1930 : Inspecteur d’Académie
« compétence... mais enseignement diffus et languissant, pas d’action profonde sur la classe.»

« Leçon intéressante bien construite. Seule la manière un peu trop familière, par instant proche de la vulgarité...»
« Mais la présentation manque de fermeté de chaleur. La langue est banale, assez commune. Ce n’est pas la manière d’un professeur actif. Tout au contraire, tout ce qu’elle dit est comme empreint d’une nonchalance générale. Cette mollesse est sensible surtout dans la discipline de la classe où il règne une sorte de laisser-aller; les élèves se tiennent mal sans que le professeur fasse la moindre observation. L’ensemble est médiocrement satisfaisant.»

Février 1931
« Avec des dons intellectuels et un savoir indéniable, madame Schnerb n’est pas un professeur de premier ordre. Elle manque de fermeté, d’élévation, de finesse  aussi. La classe est mollement conduite.»

Février 1932
« Le don pédagogique paraît lui manquer »

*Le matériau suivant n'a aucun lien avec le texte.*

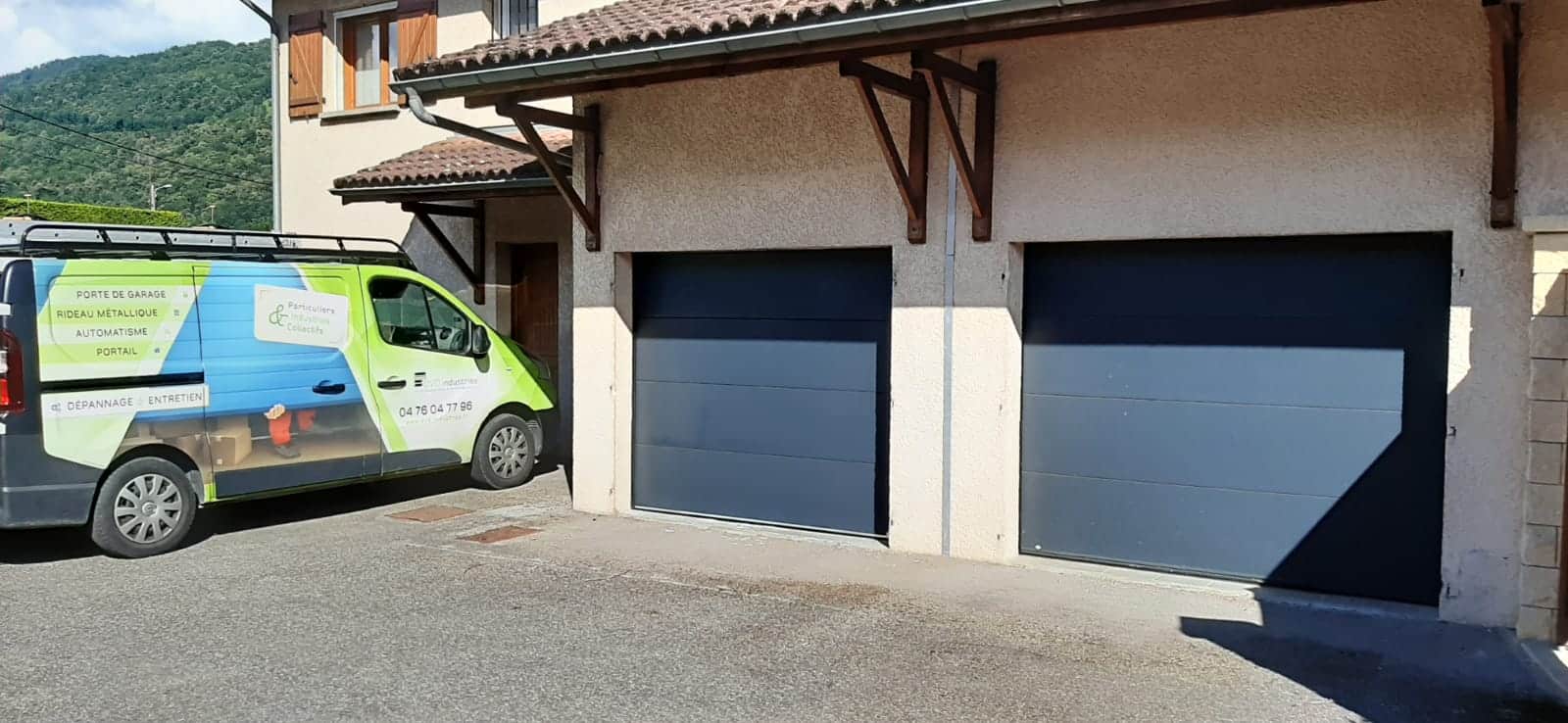Véhicule DVD Industries devant une maison équipée de deux portes de garage sectionnelles
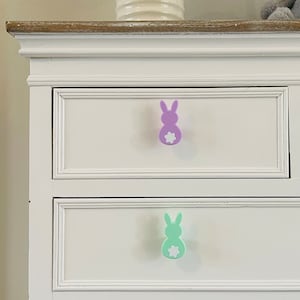 May include: White chest of drawers with two drawers. The top drawer has a purple bunny rabbit pull and the bottom drawer has a green bunny rabbit pull.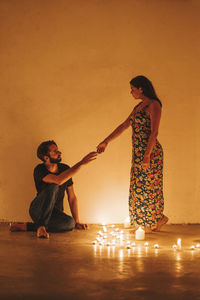 Full length of couple standing against wall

30 décembre 1932  (chef d’établissement)
« Professeur intelligent, sans finesse ni tact, attitude un peu familière avec les élèves
ne manque ni de connaissances ni de sens historiques.»

1933 (signé par Madeleine) rapport de l’Inspecteur général
 Classe de 6e : « intelligente, parle avec aisance, a de l’autorité sur ses élèves et les fait travailler. Elle doit veiller sur son langage parfois un peu relâché.»

1934
« Facilité dont elle est un peu victime ».

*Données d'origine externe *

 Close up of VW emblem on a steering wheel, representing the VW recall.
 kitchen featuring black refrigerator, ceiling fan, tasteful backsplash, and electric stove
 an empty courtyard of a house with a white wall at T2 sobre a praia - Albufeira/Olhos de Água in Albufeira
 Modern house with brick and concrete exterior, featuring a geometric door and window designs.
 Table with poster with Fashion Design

Avril 1934 (le recteur)« Des qualités ; enseignement animé et intéressant... mais plusieurs élèves parlent à la fois.»

Excursion au lac d'Aydat en juin 1934 : Madeleine avec sa classe

1936
« Bien des réserves à faire sur son enseignement, pourrait devenir meilleur si madame Schnerb se surveillait davantage.»

Mai 1937 : Inspecteur général Huby (signé par Madeleine)
« Aisance, familiarité souriante à l’égard des élèves, une parole élégante et facile...
Peut-être une fermeté plus vigoureuse dans les méthodes d’enseignement comme dans le tenue générale de la classe donnerait des résultats plus satisfaisaient (...) plus dignes en tout cas de la culture et du dévouement de madame Schnerb.»

Janvier 1939 Paris
« Bon professeur enseignement bien documenté vivant et précis. A assumé la surveillance des collections, leur enrichissement, et elle s’acquitte de cette tâche avec beaucoup de méthode.»

Avril 1939 : Jules Isaac
Leçon sur l’art contemporain avec des images :
« Enseignement vivant, animé, personnel, bien fait pour entraîner et intéresser les élèves... m’a permis d’apprécier la liberté et la sincérité avec lesquelles s’expriment les élèves de Mme Schnerb... travail reste très collectif... mais que les élèves perdent l’habitude des réponses en choeur.
Dirai-je d’un tel enseignement qu’il est d’un maître impressionniste ? Il est vivant à coup sûr et entraînant. Ce sont là des qualités précieuses.»

mardi 23 août 2016

Llauro dans les Aspres

Et en 1980, "Llauro dans les Aspres"conclut longuement cette série dans cette même revue des Sévriennes (numéro 99, mars 1980) et Madeleine en fait un petit opuscule déjà évoqué.









lundi 22 août 2016

Llauro à l'heure du choix

E 1975, Madeleine écrit un nouvel article : "Llauro à l'heure du choix" (3e volet du tryptique) pour la revue , Sévriennes d'hier et d'aujourd'hui, numéro 82, décembre 1975.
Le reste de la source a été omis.